### [WORK REQUIRED]
Copy all the lines of the listing below exactly. Skip the images.

### [RECORDED DATA]

^^^^

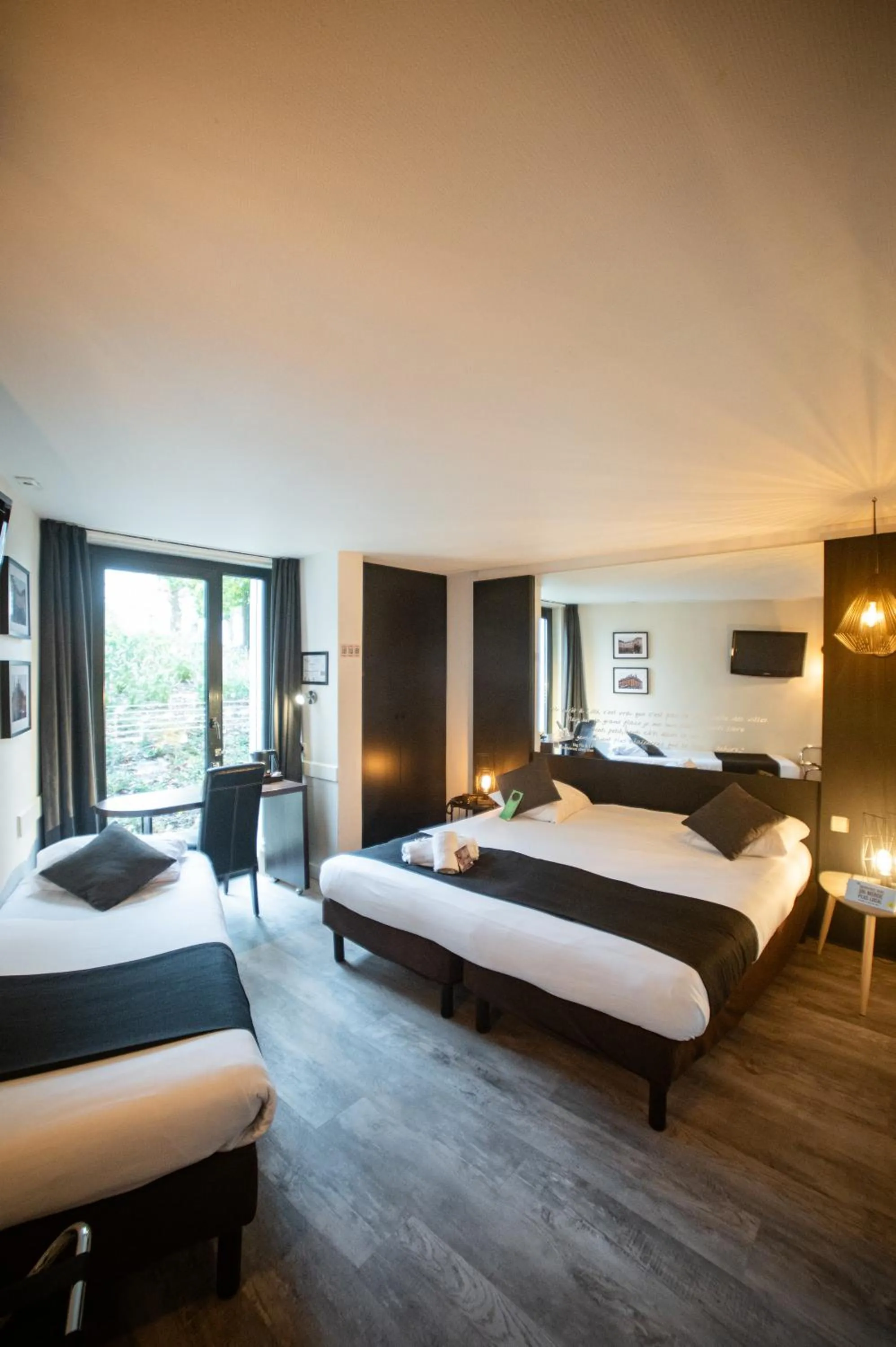 Bed in Logis Hôtel Des Acacias Lille Neuville en Ferrain, Restaurant l'Acacias Gourmand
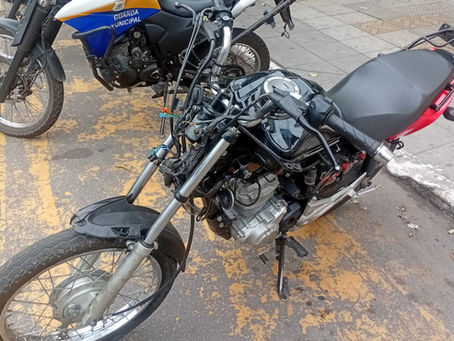 Moto irregular com condutor sem CNH é apreendida pela GMVR no Retiro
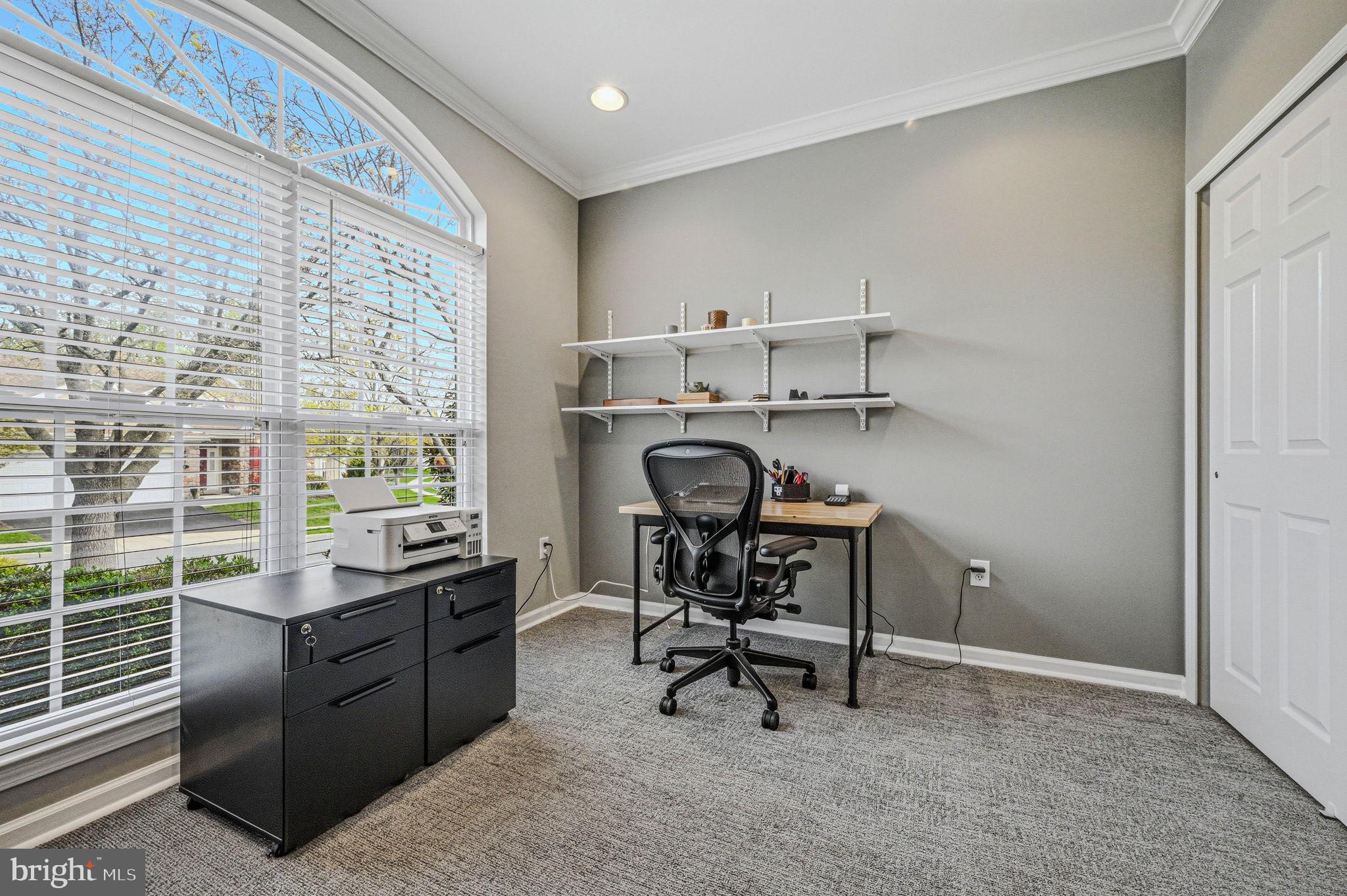 CREEKSIDE VILLAGE - Residential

^^^^

### [EXERCISE OUTPUT]
 Bed in Logis Hôtel Des Acacias Lille Neuville en Ferrain, Restaurant l'Acacias Gourmand
 Moto irregular com condutor sem CNH é apreendida pela GMVR no Retiro
 CREEKSIDE VILLAGE - Residential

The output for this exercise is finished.